第9話 林太郎とボクシング

林太郎りんたろうの奴、何してるんだろう? 遊んでるのかしら?)


 凛香りんかは義理の兄である林太郎の妙な行動が心に引っかかっていた。彼は学校から帰宅した後や土日などに不定期に週4~5回、どこかに出かけているらしい。

 4月に高校生になってスマホを持てる許可は出ていたのだが、彼女が欲しかった機種は大人気でただでさえ品薄が続いてるもの。

 加えて携帯ショップでは半導体不足で全製品において慢性的な品薄状態だったため、持っていなかった。林太郎の携帯の番号も知らなかったため、どこへ行くのか気になって尾行していた。


(……電車に乗るのね。定期券を使ってるみたい)


 凛香は林太郎を追うように電車に乗り移動すること15分、とある駅に着くと林太郎は電車を降りた。凛香もそれに続いて改札を出ようとするが……。



 ピンポーン ピンポーン



 改札が閉まってしまった。


(!! しまった! 乗り越し清算がまだだった!)


 乗り越しをしていたのを忘れていた。

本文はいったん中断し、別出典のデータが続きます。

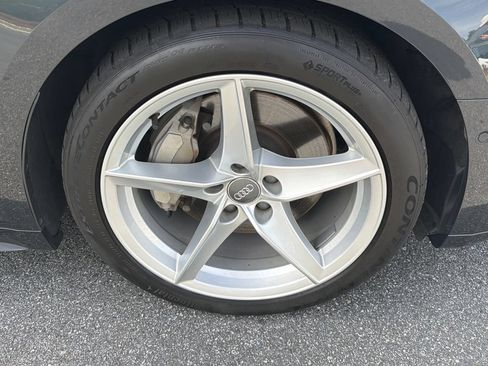 Used 2019 Audi A5 2.0T Prestige w/ S Line Sport Package AWD/4WD image 12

慌てて清算機で料金を払った時には林太郎を見失ってしまった。




(……どこに行っちゃったんだろ、アイツ)


 とりあえず駅近くのランドマークを巡回するが、見つからない。

 今日はもうだめだ、とりあえず降りる駅が分かっただけでも収穫か。と諦めながらも最後にふと、視線が行ったとある場所。そこに彼はいた。


「シッシッ! フッフッ!」


 ボクシングジムで林太郎は息をしながらスパーリング相手に目がけてパンチを繰り出す。相手はプロボクサーという格上だが、それでも彼は恐れることなく立ち向かう。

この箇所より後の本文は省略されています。